Implement-Viterbi-Algorithm-in-Hidden-Markov-Model-using-Python-and-R-adeveloperdiary.com-5

The 3rd and final problem in Hidden Markov Model is the Decoding Problem. In this article we will implement Viterbi Algorithm in Hidden Markov Model using Python and R. Viterbi Algorithm is dynamic programming and computationally very efficient. We will start with the formal definition of the Decoding Problem, then go through the solution and finally implement it. This is the 4th part of the Introduction to Hidden Markov Model tutorial series. This one might be the easier one to follow along.

Quick Recap

We have learned about the three problems of HMM. We went through the Evaluation and Learning Problem in detail including implementation using Python and R in my previous article. In case you want a refresh your memories, please refer my previous articles.

Decoding Problem

Given a sequence of visible symbol \(V^T\) and the model ( \(\theta \rightarrow \{ A, B \}\) ) find the most probable sequence of hidden states \(S^T\).

In general we could try to find all the different scenarios of hidden states for the given sequence of visible symbols and then identify the most probable one. However, just like we have seen earlier, it will be an exponentially complex problem \(O(N^T . T)\) to solve.

Viterbi Algorithm

We will be using a much more efficient algorithm named Viterbi Algorithm to solve the decoding problem.

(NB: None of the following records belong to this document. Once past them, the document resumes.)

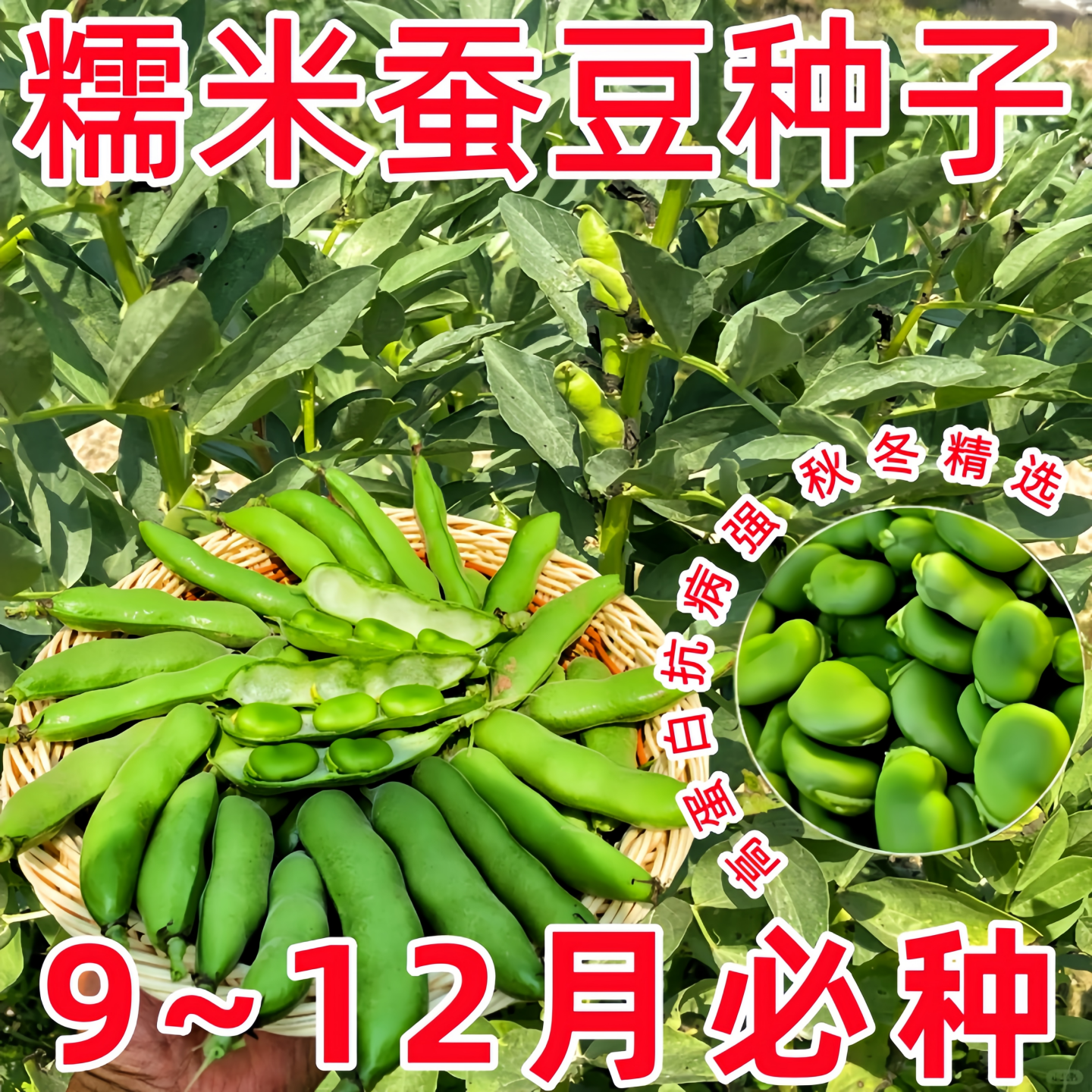 蚕豆种子七星特大罗汉豆种籽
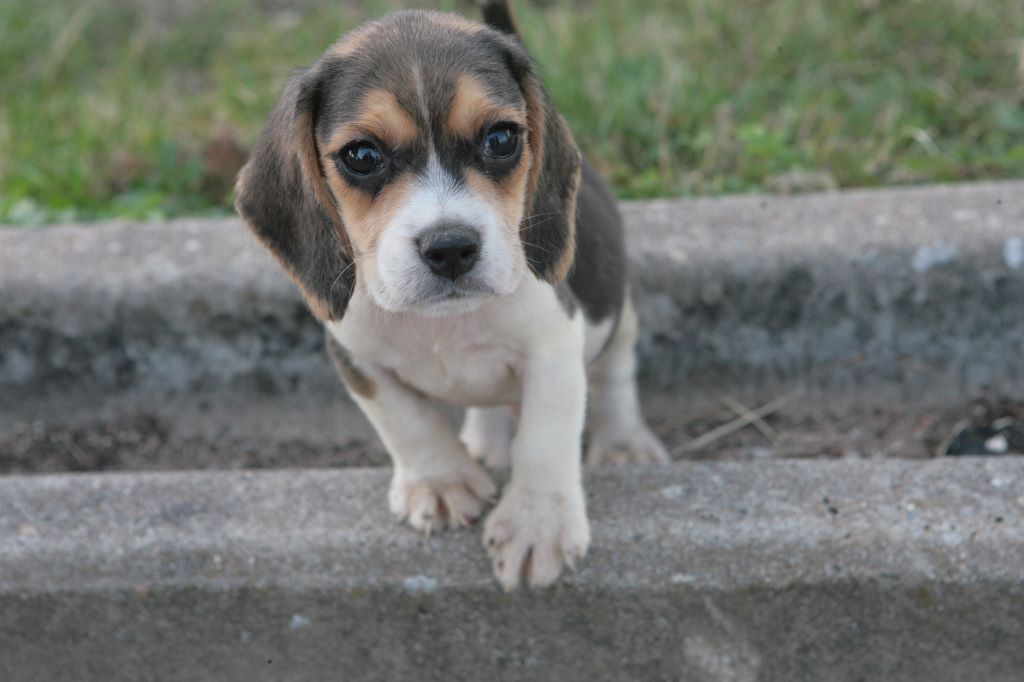 des Babines de Diamant - Chiots disponibles - Beagle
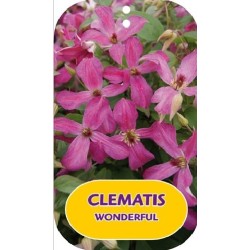 Mėlynžiedė raganė - Clematis viticella WONDERFUL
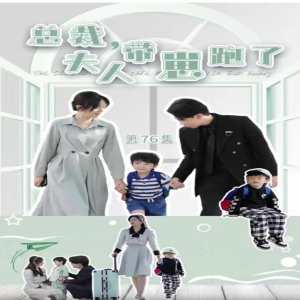 總裁，夫人帶崽跑了(全集)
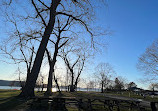 Croton Point Picnic Area 1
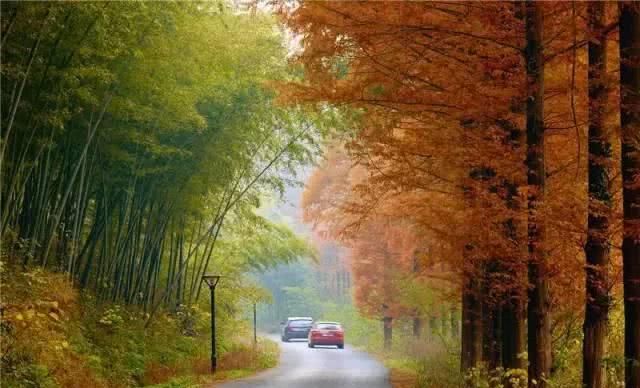 66岁大叔，8年时间打造出了中国最美私家花园，让人叹为观止！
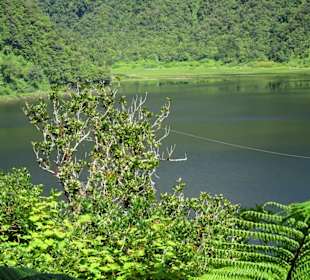 Impressionen vom Grand Étang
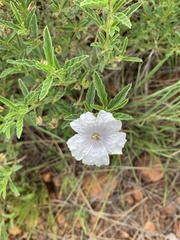 Monsonia burkeana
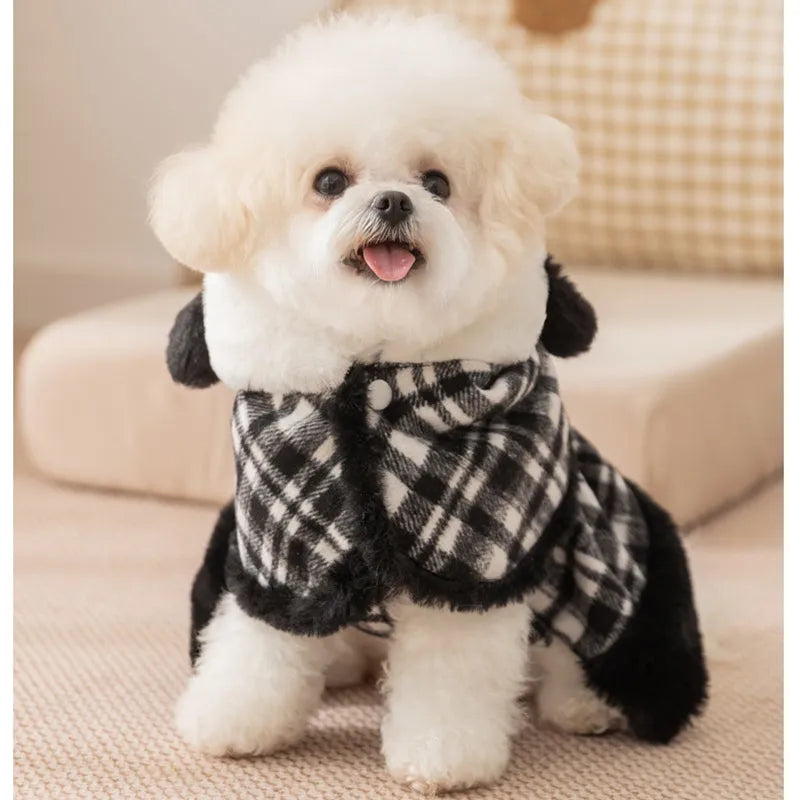 Two-piece dog clothes set with hooded cape and dress in black colour featuring velvet bow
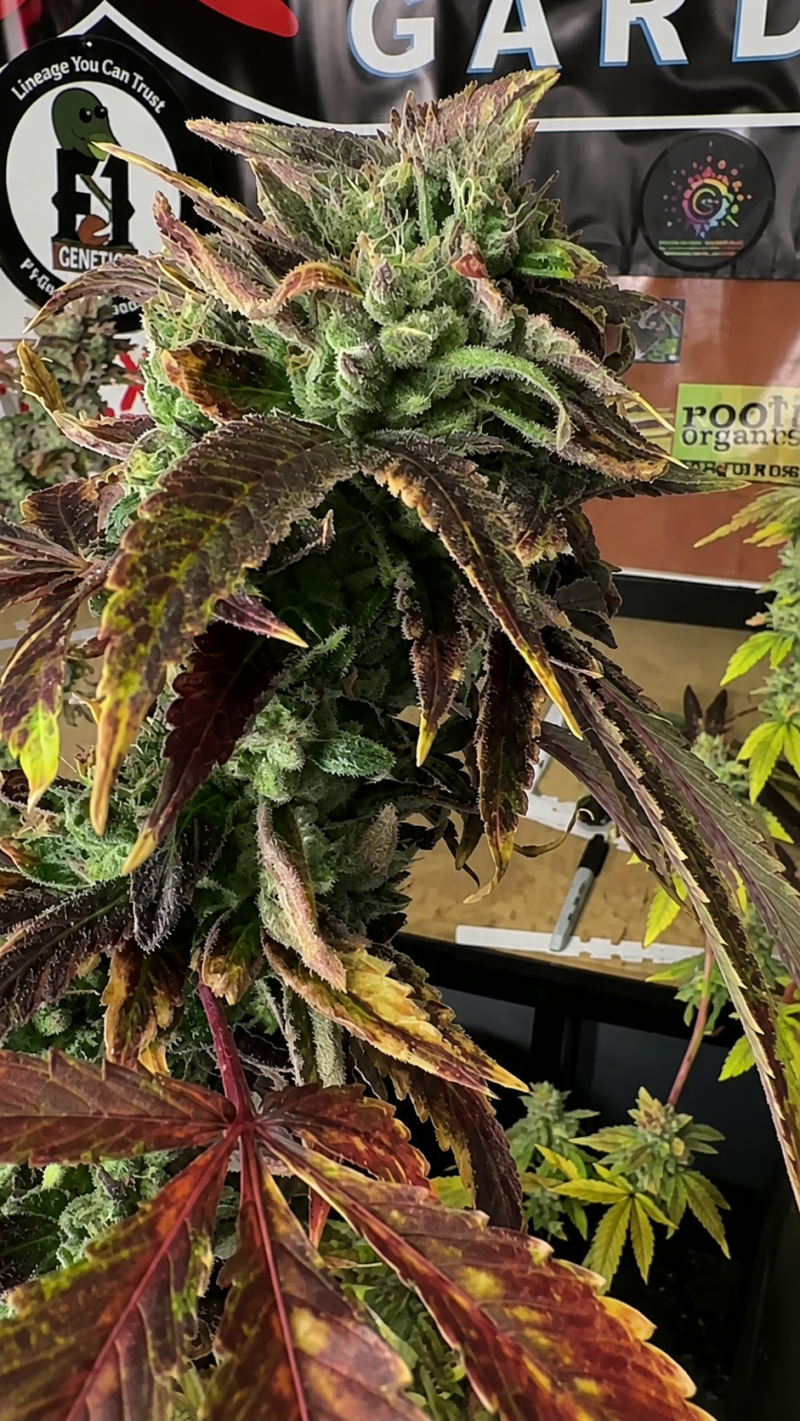 Indacouch x Candy Gelato Cut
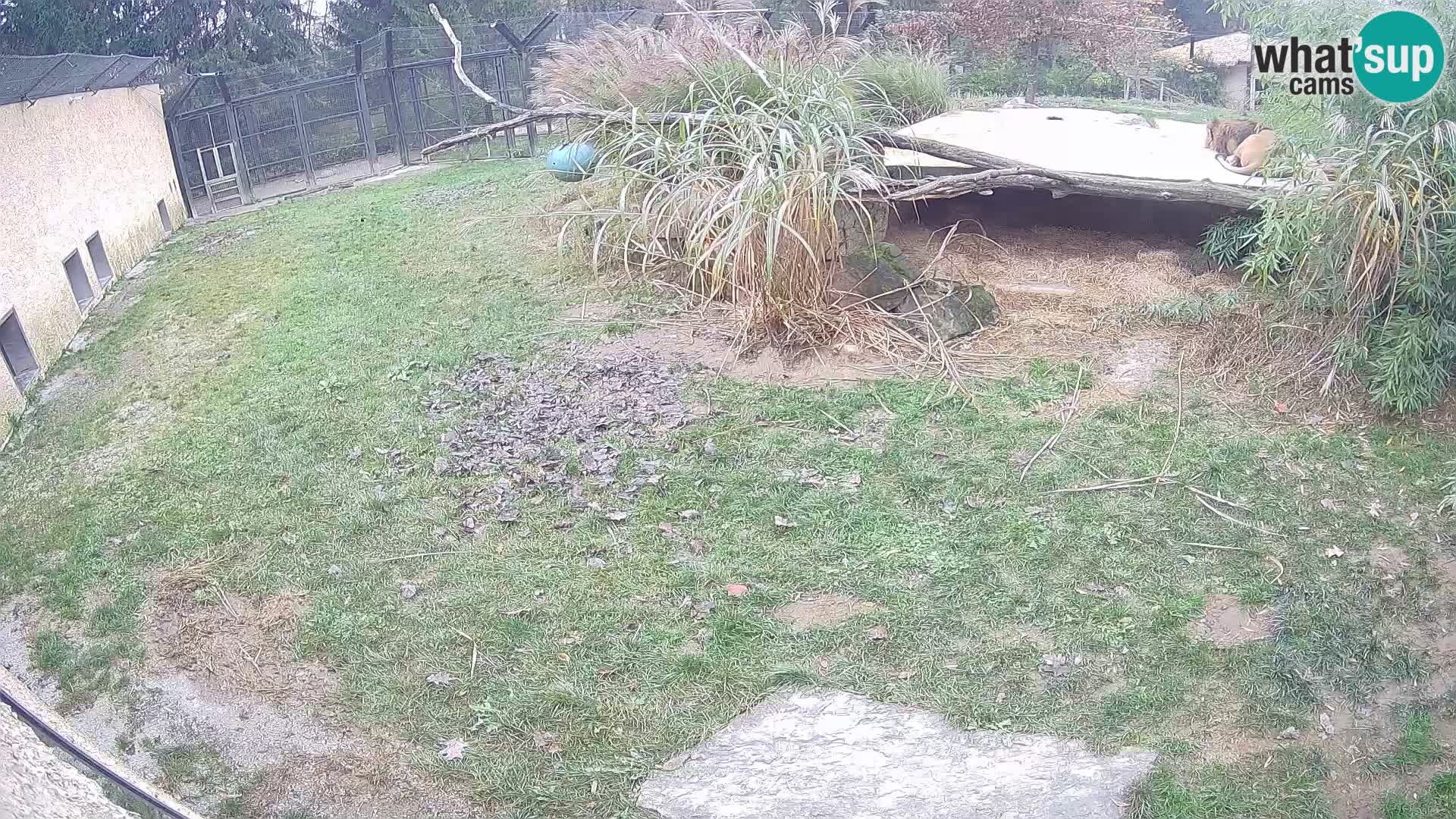 LEONE live Webcam nello zoo di Lubiana – Slovenia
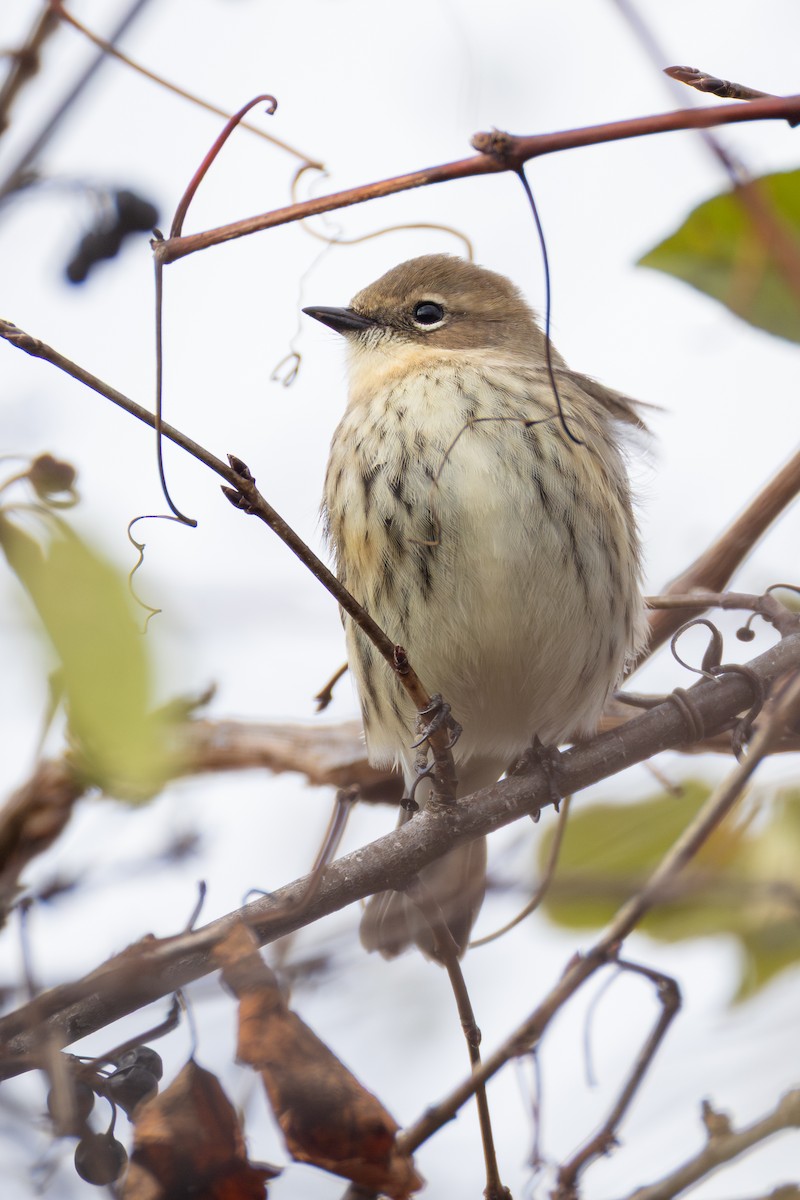 Reinita Coronada - ML645341170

So far in HMM we went deep into deriving equations for all the algorithms in order to understand them clearly. However Viterbi Algorithm is best understood using an analytical example rather than equations. I will provide the mathematical definition of the algorithm first, then will work on a specific example.

Probabilistic View

The decoding problem is similar to the Forward Algorithm. In Forward Algorithm we compute the likelihood of the observation sequence, given the hidden sequences by summing over all the probabilities, however in decoding problem we need to find the most probable hidden state in every iteration of t.

The following equation represents the highest probability along a single path for first t observations which ends at state i.

\[\omega _i(t)= \max_{s_1,...,s_{T-1}} p(s_1,s_2....s_T=i, v_1,v_2 ... v_T | \theta)\]

We can use the same approach as the Forward Algorithm to calculate \(\omega _i(+1)\)

\[\omega _i(t+1)= \max_i \Big( \omega _i(t) a_{ij} b_{jk v(t+1)} \Big)\]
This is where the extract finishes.